Petta – Gelap dan terkunci. Begitu kondisi di Galeri Nasional Indonesia saat pameran tunggal Yos Suprapto, “Kebangkitan: Tanah untuk Kedaulatan Pangan,” tiba-tiba dibatalkan hanya beberapa menit sebelum pembukaan pada Kamis malam, 19 Desember 2024. Para tamu yang sudah hadir hanya bisa menatap pintu kaca yang digembok, sementara lampu di dalam ruangan dimatikan.
Dalam pernyataan resmi yang diterima beberapa menit sebelum acara, Galeri Nasional menyebut pembatalan ini terjadi karena “kendala teknis yang tidak dapat terhindarkan.” Namun, di balik layar, ada ketegangan besar yang melibatkan seniman, kurator, dan pihak galeri.

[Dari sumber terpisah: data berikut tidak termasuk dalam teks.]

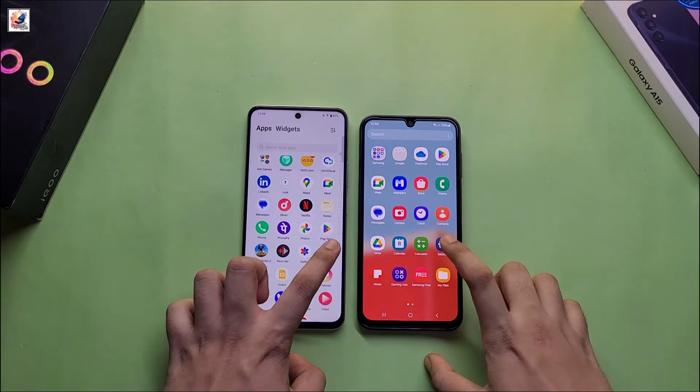So let's start our speed test. As you can see, the Galaxy A15 opened first and I also removed both smartphones' background applications. So let's start our multitasking and app opening on both smartphones.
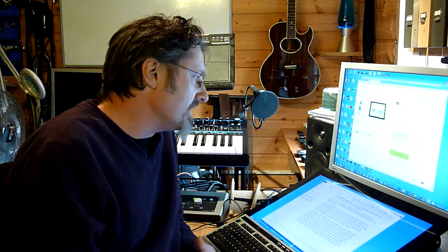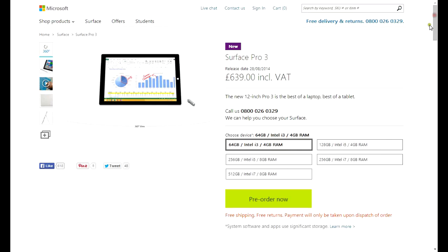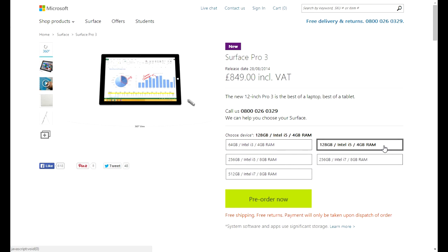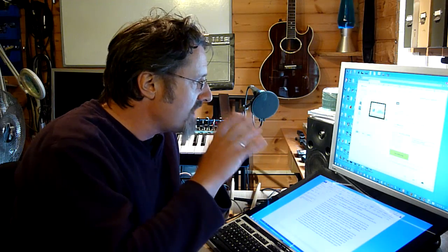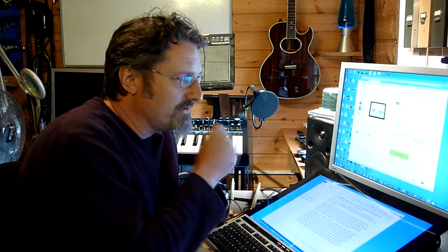The final question is which model. Forget the i3 — it's only got 64 gigs of drive space, which is nowhere near enough for all my software and libraries. So looking at the 128GB Intel i5 with 4 gigs of RAM: at £849 the price is pretty good, 128 gigs of drive space is enough, and the processing power is fine — it's really the sweet spot in terms of price and performance. But that 4 gigs of RAM just gives me a bit of doubt.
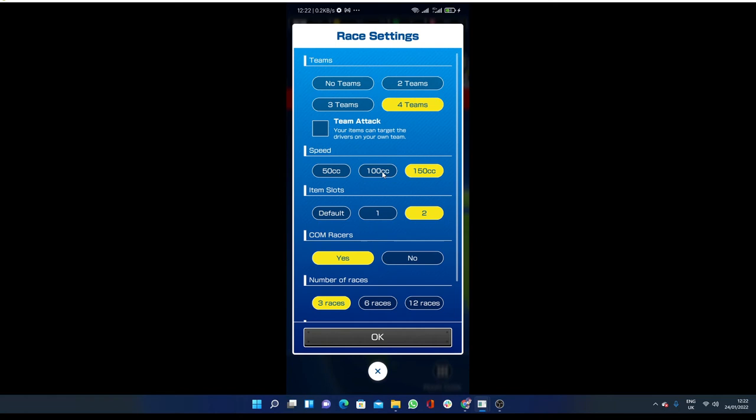You have to choose the speed like 150cc is way too much speed, so I recommend you go with 100cc or 50cc if you are beginners. Here are item slots, so I'm going with two.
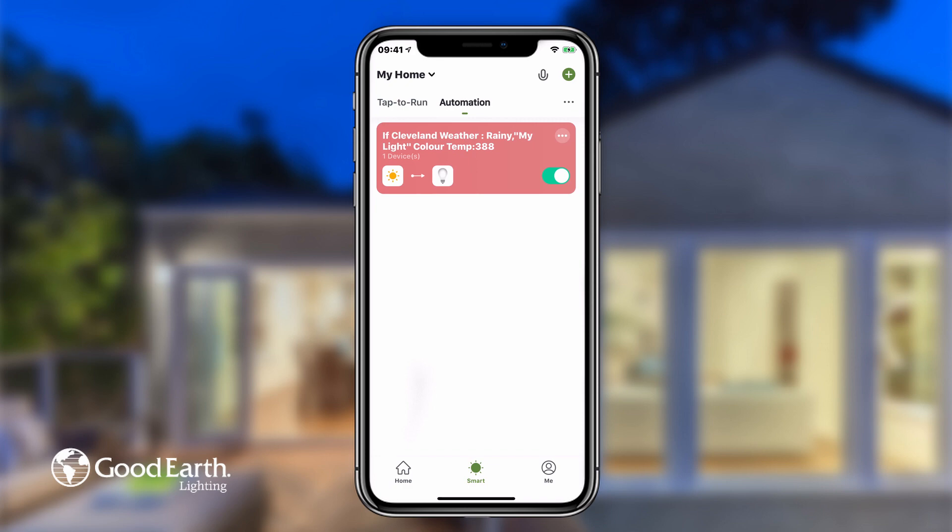You can enable or disable automations by tapping on the switch associated with it.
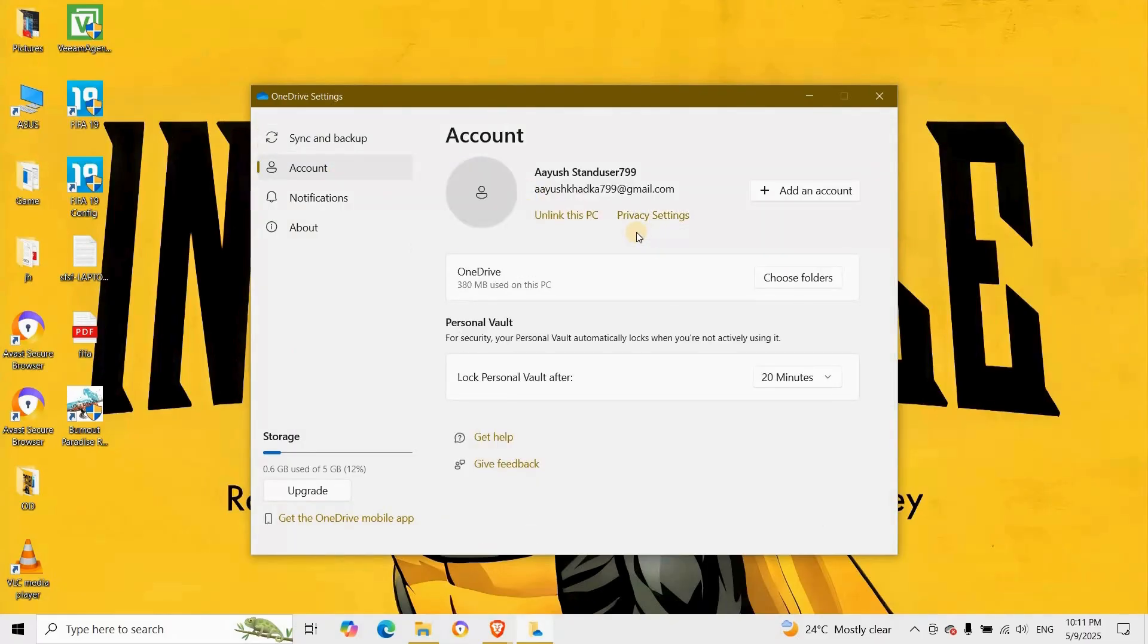If the problem continues, click on Unlink this PC and relink. This refreshes the sync relationship without deleting your files.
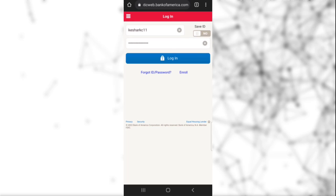Once you have entered your user ID and password, you need to click on the login button, and in this way you can log into your Bank of America account.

Kontroversi 5 Lukisan yang “Tak Sesuai”
Yos Suprapto mengungkapkan bahwa pangkal masalah adalah permintaan kurator, Suwarno Wisetrotomo, untuk menurunkan lima dari 30 lukisannya. Kelima lukisan itu dinilai tidak sesuai dengan tema pameran dan berpotensi menimbulkan kontroversi. Namun, Yos tegas menolak.
“Saya lega lila (ikhlas) ditutup. Tapi, dua-tiga jam kemudian dipertemukan dengan orang Galeri Nasional yang kemudian meminta tiga karya lain juga ditutup.” kata Yos pada Jumat, 20 Desember 2024.
Suwarno, yang kemudian mengundurkan diri sebagai kurator, menyatakan bahwa dua dari karya Yos “terdengar seperti makian semata” dan terlalu vulgar untuk disandingkan dengan tema besar pameran. Menurutnya, seni harus tetap metaforis dan tidak kehilangan kekuatan pesannya.
“Bagi saya, seorang kurator bertanggung jawab terhadap kesesuaian antara tema yang disepakati dengan materi pameran,” kata Suwarno.
Kekecewaan di Hari Pembukaan
Meski pintu pameran tertutup, tamu-tamu yang datang, termasuk Eros Djarot, tetap berkumpul. Dalam sambutannya, Eros menyayangkan keputusan mendadak ini.
“Saya rasa itu ekspresi kurator yang takut secara berlebihan,” ujar Eros.
Yos sendiri mengaku kecewa dengan sikap Galeri Nasional dan menyebut bahwa langkah ini tidak profesional. Ia bahkan menuntut ganti rugi atas kerugian yang ia alami akibat pembatalan ini.
“Banyak tamu yang datang dari luar negeri yang ingin melihat pameran, dan saya tanggung sampai puluhan juta rupiah,” ujarnya. “Galeri Nasional harus membayar ganti rugi. Saya beri waktu hingga sore ini.”
Penjelasan dari Galeri Nasional
Jarot Mahendra, Penanggung Jawab Unit Galeri Nasional, menjelaskan bahwa keputusan penundaan pameran diambil untuk menjaga kualitas kuratorial. Menurutnya, beberapa karya yang ditampilkan oleh Yos tidak melalui kesepakatan dengan kurator.
“Setelah melalui proses evaluasi oleh kurator pameran, karya-karya tersebut dianggap tidak sesuai dengan tema kurasi yang telah ditetapkan,” kata Jarot.
Namun, Yos tetap bersikukuh bahwa permintaan tersebut adalah bentuk pembungkaman terhadap ekspresi seni.
Seni, Sensor, dan Dilema Kuratorial
Kasus ini menyoroti dilema klasik dunia seni: di mana batas antara kebebasan berekspresi dan tanggung jawab kuratorial? Pameran yang awalnya dirancang untuk merayakan kedaulatan pangan kini justru berubah menjadi panggung konflik yang melibatkan seni, kekuasaan, dan institusi.